Records drawn from a dataset -
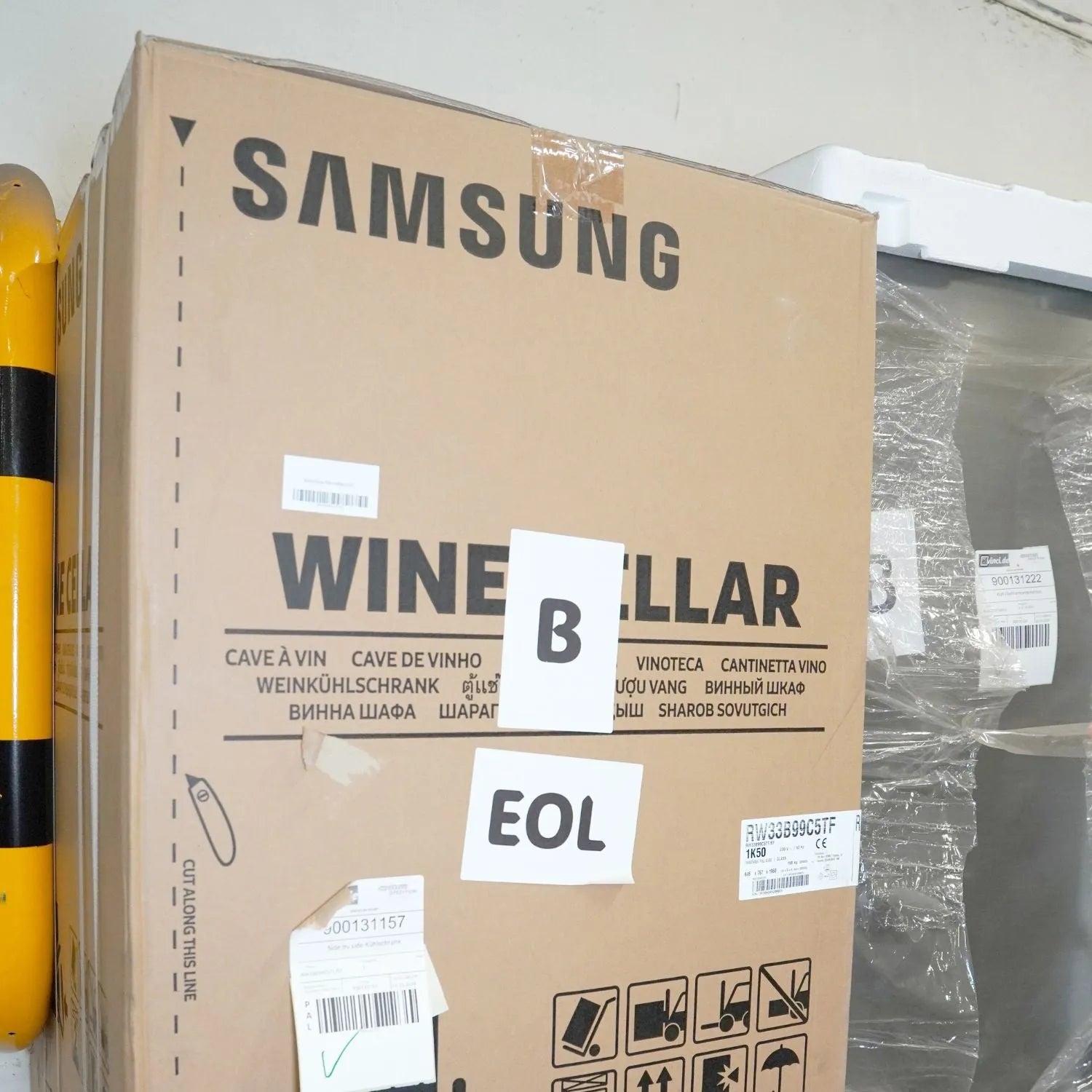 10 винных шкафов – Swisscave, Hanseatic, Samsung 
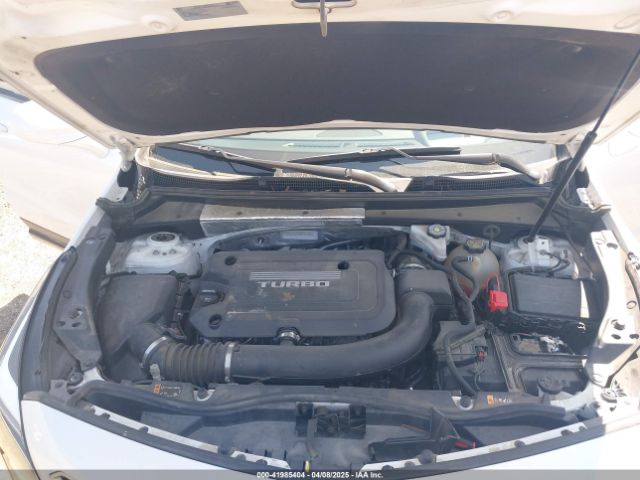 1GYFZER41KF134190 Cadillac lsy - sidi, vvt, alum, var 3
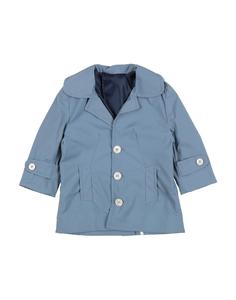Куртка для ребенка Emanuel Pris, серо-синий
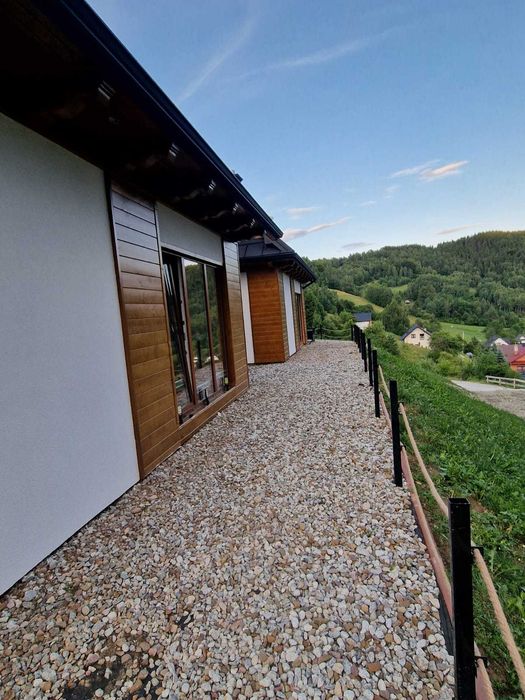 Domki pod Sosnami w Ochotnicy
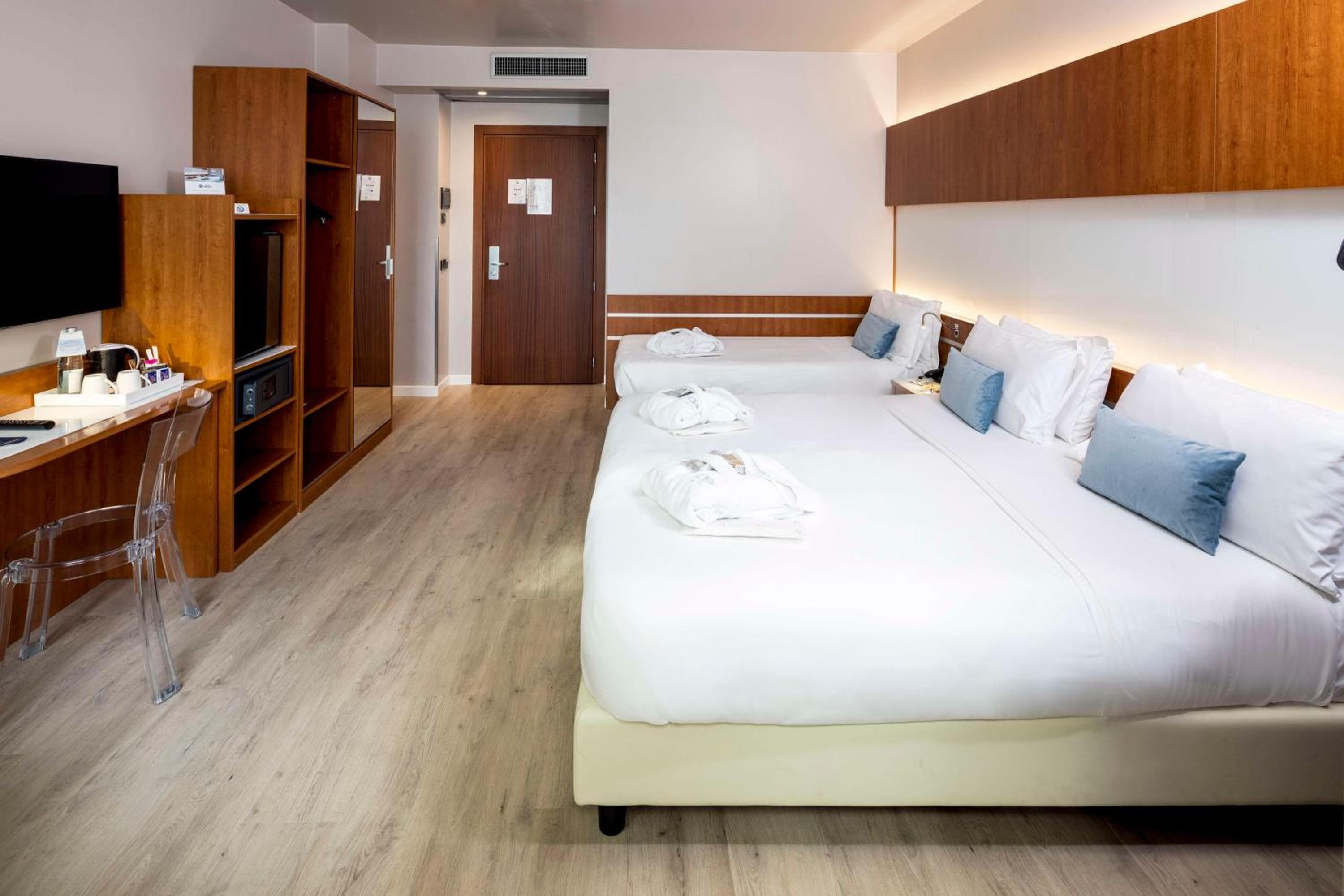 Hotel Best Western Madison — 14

Exercise prompt -
Can you quote exactly, and only, the lines from the one containing "1GYFZER41KF134190 Cadillac lsy" through the last line of the records above, keeping both ends and leaving out any pictures?

Completed exercise -
 1GYFZER41KF134190 Cadillac lsy - sidi, vvt, alum, var 3
Куртка для ребенка Emanuel Pris, серо-синий
 Domki pod Sosnami w Ochotnicy
 Hotel Best Western Madison — 14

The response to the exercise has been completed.